ThumMusings

Bringing the user interface of music-making into the 21st Century, and changing the world... one note at a time.

My Photo
Name: Jim Plamondon
Location: Austin, Texas, United States

This blog documents the development of JIMS iGetIt! Music System (JIMS). JIMS' goal is to help you Understand Music in 24 Hours™, if you are (a) a non-musician (b) who wants to learn how to write your own rock songs. Requiring no instrument other than your own computer, and without using traditional notation, JIMS is being designed to deliver a deep understanding of tonal structure...in just 24 hours.

Tuesday, July 24, 2007

Wii

Nintendo’s new Wii video game console is now out-selling all other consoles combined. Why? Because Nintendo focused every aspect of the Wii’s design on growing the market.

To quote Nintendo’s President, Satoru Iwata, in designing the Wii, “We're not thinking about fighting Sony, but about how many people we can get to play games. The thing we're thinking about most is not portable systems, consoles, and so-forth, but that we want to get new people playing games.” [emphasis added]

To accomplish this objective, Nintendo couldn’t just do the same thing its competitors were doing. It had to do something really different – something that made video games fundamentally easier to learn and play – and offer it at a more-affordable price point. This is a classic example of blue ocean strategy, as others have noted.

Being “really different” is extremely beneficial to establishing new industry standards – as Bill Gates, the all-time world champion standard-setter, made clear long ago. The novelty, elegance, and simple power of Nintendo’s motion-sensing Wii controller have garnered impressive PR, with YouTube flooded by consumer-generated videos of the Wii remote in action.
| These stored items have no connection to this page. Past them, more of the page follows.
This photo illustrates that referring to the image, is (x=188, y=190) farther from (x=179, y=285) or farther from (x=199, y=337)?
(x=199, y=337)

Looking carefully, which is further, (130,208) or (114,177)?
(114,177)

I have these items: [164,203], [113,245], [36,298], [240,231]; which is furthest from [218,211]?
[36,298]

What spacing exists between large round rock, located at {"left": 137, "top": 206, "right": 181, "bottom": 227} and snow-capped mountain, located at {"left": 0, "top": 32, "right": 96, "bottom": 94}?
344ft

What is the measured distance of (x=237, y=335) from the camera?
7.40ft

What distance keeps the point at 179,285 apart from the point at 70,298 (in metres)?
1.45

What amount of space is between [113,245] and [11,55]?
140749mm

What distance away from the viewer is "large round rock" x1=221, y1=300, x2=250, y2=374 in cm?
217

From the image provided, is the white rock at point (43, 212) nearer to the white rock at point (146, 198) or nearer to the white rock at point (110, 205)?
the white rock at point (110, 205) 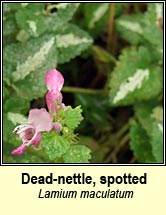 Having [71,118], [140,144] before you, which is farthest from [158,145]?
[71,118]

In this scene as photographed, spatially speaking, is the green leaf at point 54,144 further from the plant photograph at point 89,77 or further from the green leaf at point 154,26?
the green leaf at point 154,26

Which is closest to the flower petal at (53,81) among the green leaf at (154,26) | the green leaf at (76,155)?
the green leaf at (76,155)

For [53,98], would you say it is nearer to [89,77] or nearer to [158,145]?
[158,145]

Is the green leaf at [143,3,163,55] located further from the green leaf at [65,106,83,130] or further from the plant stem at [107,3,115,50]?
the green leaf at [65,106,83,130]

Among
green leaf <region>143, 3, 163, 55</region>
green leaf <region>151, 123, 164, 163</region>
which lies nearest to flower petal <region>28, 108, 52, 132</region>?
green leaf <region>151, 123, 164, 163</region>

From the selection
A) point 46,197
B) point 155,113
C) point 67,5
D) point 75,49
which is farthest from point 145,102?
point 46,197

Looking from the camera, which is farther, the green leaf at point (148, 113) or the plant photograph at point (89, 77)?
the green leaf at point (148, 113)

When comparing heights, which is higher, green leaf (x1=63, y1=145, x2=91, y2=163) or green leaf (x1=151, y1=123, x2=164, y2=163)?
green leaf (x1=63, y1=145, x2=91, y2=163) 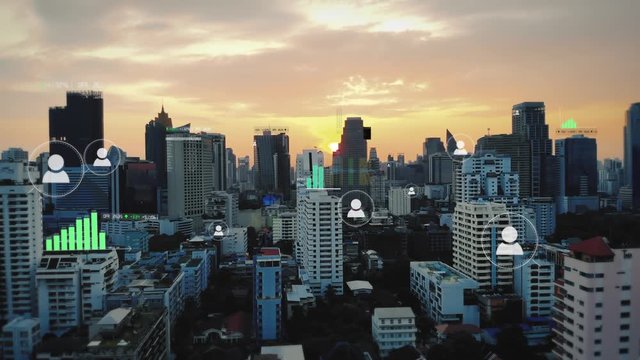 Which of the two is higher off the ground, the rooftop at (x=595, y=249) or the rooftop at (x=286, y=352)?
the rooftop at (x=595, y=249)

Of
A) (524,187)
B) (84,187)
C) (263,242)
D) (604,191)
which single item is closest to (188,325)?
(263,242)

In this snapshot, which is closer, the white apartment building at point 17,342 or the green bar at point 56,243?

Nintendo’s success in out-selling its competitors is amazing enough, but what’s even more impressive is that Nintendo makes a direct profit of $50 on each console it sells. Sony and Microsoft each lose money on their consoles, hoping to make it up through per-game license fees from third party game developers. But because Nintendo’s Wii console is outselling all of its competitors, it is also the most attractive platform for third-party game developers – so Nintendo will tend to make more money in licensing fees from these game developers, too.

Any way you slice it, Nintendo’s blue-ocean strategy of growing the market is trouncing its competition.
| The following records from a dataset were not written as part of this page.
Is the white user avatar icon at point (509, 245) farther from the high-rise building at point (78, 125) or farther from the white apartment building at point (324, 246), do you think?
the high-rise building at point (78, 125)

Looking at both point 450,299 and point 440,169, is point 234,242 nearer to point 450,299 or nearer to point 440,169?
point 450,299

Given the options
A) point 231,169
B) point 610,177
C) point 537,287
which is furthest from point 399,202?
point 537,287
Meanwhile, the music products & lesson industries are, together, almost as large as the video game industry (2005 data). Thumtronics can do in the music products & lesson industries exactly what Nintendo has done in the video game industry – grow the market with products that are cheap, simple, and fun, and capture that growth with intellectual property.

The success of Nintendo is a ringing endorsement of Thumtronics’ strategy.

Labels: , , , ,

Monday, July 16, 2007

Blue Ocean Strategy

In their book Blue Ocean Strategy, Kim & Mauborgne describe typical marketplaces as “red oceans,” whose inhabitants rip each other apart in a frenzied struggle for market share, staining the ocean red with their blood.

They argue that the wise company (or investor) does not waste its resources in such a fruitless struggle, but instead seeks to implement “blue ocean strategies,” by simultaneously pursuing differentiation and low cost, with the goal of creating a totally new market space that is unstained by the blood of competition.

You’d think that investors would avoid emerging red oceans like the plague – but that does not appear to be the case. Here’s an example. Redbox is a joint venture between McDonald’s (yes, the burger joint) and Coinstar. Late in 2005, Coinstar invested $20 million in Redbox for slightly under half the company, giving Redbox a de facto post-money valuation of just under $40 million. For that kind of valuation, you’d think that Redbox must be growing into a pretty nice blue ocean, wouldn’t you?

But it’s not. Redbox is fighting tooth and claw for a share of the DVD rental & sales market. Its competitors – including NetFlix, Blockbuster, & Hollywood/Movie Gallery – are all slaughtering each other in a vicious struggle for market share. This market was worth about $35 billion in 2006 and is expected to grow to about $38 billion by 2009 (according to statistics I found in the Austin Statesman (Sunday July 15th, p. H1), in an article by Jennifer Mann of the Kansas City Star). That’s a growth rate of just 2.8%. In short, the video sale and rental industry is a “red ocean” of vicious, profitless competition.

Wise investors would not be pouring money into this “red ocean.” None of the various competitors has such a wide advantage in cost or differentiation that it can earn attractive margins over the long term. Red oceans are a sucker bet.

But surely blue ocean strategies are riskier than red ocean strategies? Quite the contrary. Blue ocean strategy is all about minimizing risk. Red oceans are the riskiest place a firm or investor can possibly be.

With that in mind, consider Thumtronics. The current music products & lesson industry is worth nearly as much as the DVD sales and rental industry – about $30 million – and growing faster, at 3.5%. Yet the blue-ocean market of non-musical consumers is even larger, with the potential for even faster growth. By targeting the mass market of non-musical consumers with a uniquely simple, cheap, and powerful new musical instrument & music-learning method, Thumtronics has the potential to establish an entirely new “blue ocean” market, far removed from the bloodstained waters of the musical instrument industry’s intense competition.

Thumtronics’ strategy is all about creating a deep blue ocean, because blue oceans are the only way to bet.